La questione molto banale mi sembra una sola.
Fino all’800 chi scriveva proveniva da famiglie ricche o quantomeno agiate, e aveva tutto il tempo di questo mondo per dedicarsi (tra una caccia alla volpe e l’altra) alle successive riscritture del proprio elaborato. Ancora fino ad una quarantina d’anni fa scrivere era un vero e proprio mestiere, tant’è che la gente non si vergognava affatto di mettere sulla porta di casa la dicitura “Tal dei Tali – Scrittore”.
Oggi di scrittura non si vive, come non si vive di nessun altro tipo d’arte, a meno di non rientrare in una cerchia di eletti autori di best-seller di vario tipo e genere. Tutti noi che abbiamo meno di 40 anni sappiamo bene che per risicare uno stipendio minimo alle necessità primarie ci tocca lavorare molte ore al giorno, spesso in condizioni proibitive e senza alcuna sicurezza riguardo al fatto che lo stipendio ci sia anche domani e non solo oggi.
Come si può chiedere a chi scrive di avere la forza (oltre che il tempo materiale) di seguire il processo di scrittura in tutte le sue fasi? Non è già un miracolo che in tempi di precarietà, co.co.co., salari minimi e crisi economica ci sia ancora chi ha voglia di mettersi a fare qualcosa che sia privo di un diretto tornaconto materiale?
Si potrebbe dire che era meglio una volta, che la creatività dei poeti maledetti e degli avanguardisti era genuina perché non mediata dal mercato e che la scrittura d’oggi non è che un pallido riflesso filtrato centinaia di volte al setaccio del talento del singolo. Ma qui, come in ogni discorso di questo tipo, casca l’asino: è probabile che molti di noi siano convinti che sia il sistema capitalista tout court a non funzionare, ma dirsi marxisti nel 2009 suona un po’ ridicolo indipendentemente dall’idea politica di ciascuno.
La Benedetti riporta nel suo articolo il caso eclatante di Carver e delle infinite differenze tra la versione editata della sua seconda raccolta (“Di cosa parliamo quando parliamo d’amore”) e la versione originale dello stesso testo (“Principianti”, da poco pubblicato da Einaudi). Ma è anche vero che senza i tagli assassini di Gordon Lish non sarebbe esistito quel minimalismo che ha segnato tanta letteratura contemporanea.
Che piaccia oppure no sarà il caso di rassegnarsi alla realtà, cioè al fatto che questo nostro mondo è diventato troppo infinitamente complesso perché le forze di un singolo essere umano siano sufficienti per gestirlo in tutte le sue multiformi sfaccettature.

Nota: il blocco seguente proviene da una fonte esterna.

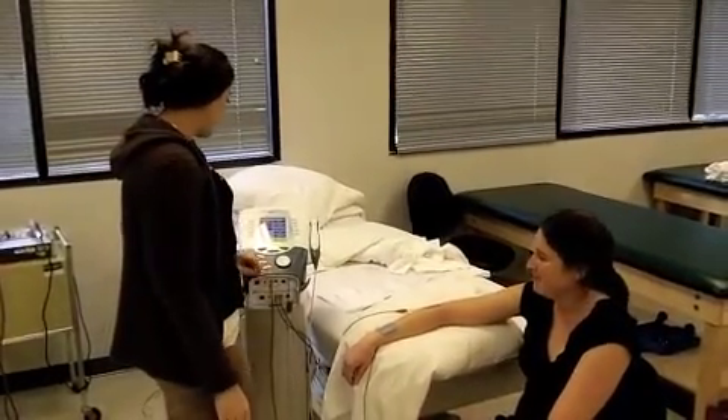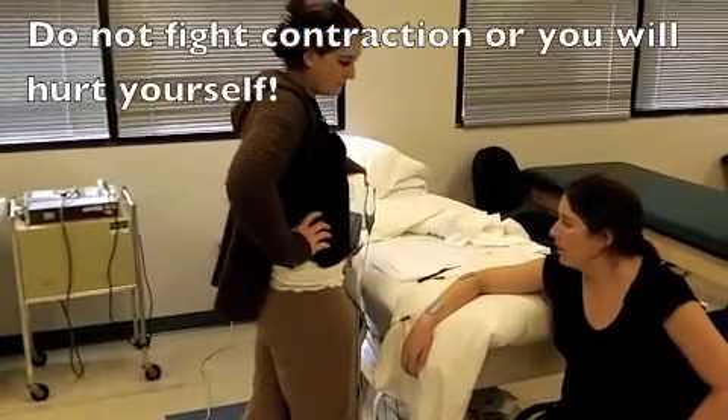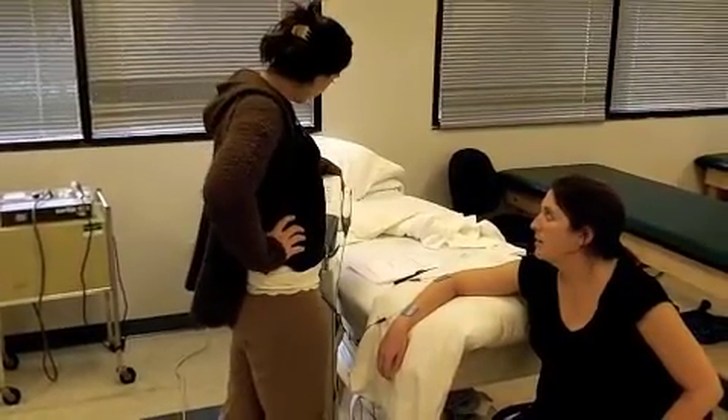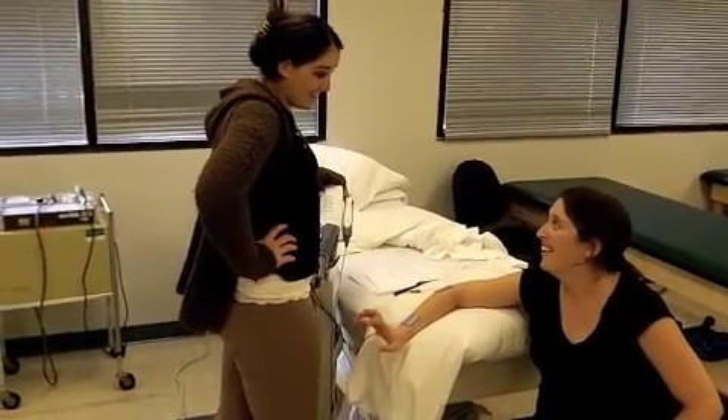I'm going to start to turn it up. And when you feel the contraction, you go with it. It's 412, 747. I'm going to start to turn it up. There we go!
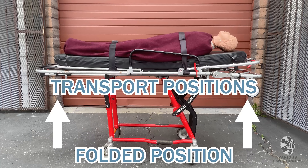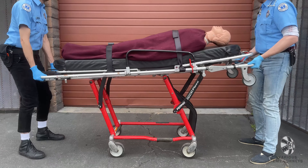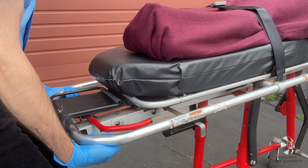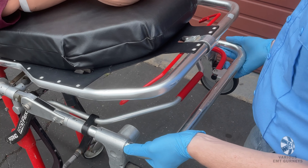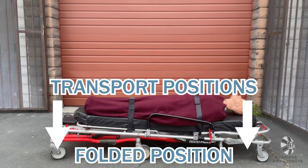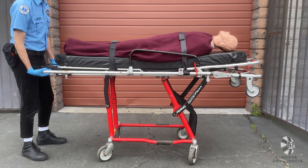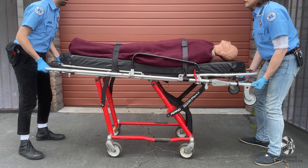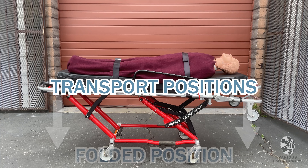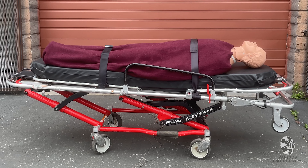To switch from the folded position to one of the transport positions, you will first need to switch to the loading position, then follow the steps just covered. If you are trying to switch from the transport position to the folded position, note that many customers have this issue: you cannot switch directly from a transport position to the folded position. If you try to push the gurney down all the way, you will be unsuccessful, so please don't force it.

Nel caso specifico mi pare che un mondo privo di editor sarebbe un mondo di scrittori approssimativi e incompleti, mai pienamente realizzati: il che sarebbe altrettanto triste di un panorama come purtroppo è in larga parte quello italiano (quello reale, però) fatto di scritture esangui e di scrittori usa e getta. Concerne il tanto decantanto “principio di realtà” anche l’umiltà di lasciarsi aiutare unita alla fierezza di non farsi ingoiare e vomitare da un ingranaggio onnivoro com’è quello editoriale.
Se questo venisse compreso da scrittori ed editori, e dai lettori soprattutto, forse si aprirebbero nuove possibilità per la scrittura, possibilità autentiche.
In fondo Vivianne Westwood non sarebbe mai diventata Vivianne Westwood senza i Sex Pistols, ma chi si ricorderebbe oggi dei Sex Pistols se non fosse esistita Vivianne Westwood?